I made a new 'friend', that's probably too strong a word. We've seen each other 3 times. I feel trampled, disrespected and walked all over by her, it's not good. I get profoundly disturbed, dissociated in her company and it triggered EF's that lasted days.

It didn't start well but instead of ending the association after the first meeting, I didn't listen to my instincts, went into fawn response, got real stressed & agreed to see her twice more. I was bending over backwards for her, waiting for her to be 40 minutes late, organising my entire weekend plans around her wishes & prioritising seeing her exactly when and where she wanted. I know, sounds crazy. Classic fawn response. On our last meeting I realised what was happening - we have nothing in common, she insulted me to my face (wow that helped clear things up quickly), I realised that of all the hours I'd spent listening to her probs she's never asked "How are you Flutterbye?" or asked me anything about what I'm doing or how my life is going. (This sounds absurd now I'm writing w the benefit of hindsight).

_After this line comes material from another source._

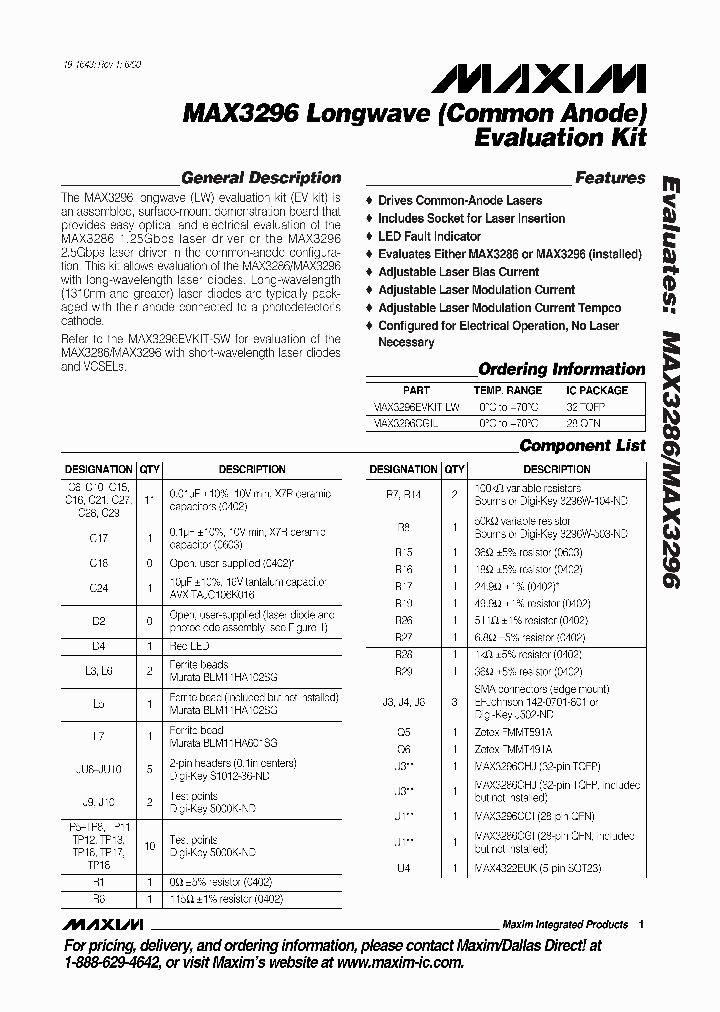 MAX3296LWEVKIT_485414.PDF Datasheet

So I realised I didn't want to see her again. She wanted to see me 1-2 times/week. I felt no ill-feeling towards her, no grudges & wish her well, I just didn't want to pursue the friendship. I let her know that as politely as I could. I'm very isolated & friendless so almost entirely inexperienced at ending friendships but I thought I did quite a good job. I was very surprised by what happened. She replied she was shocked, upset and requested I call her (we've never spoken on the phone) to explain what's wrong. I thought I'd already explained that politely & don't have anything to add.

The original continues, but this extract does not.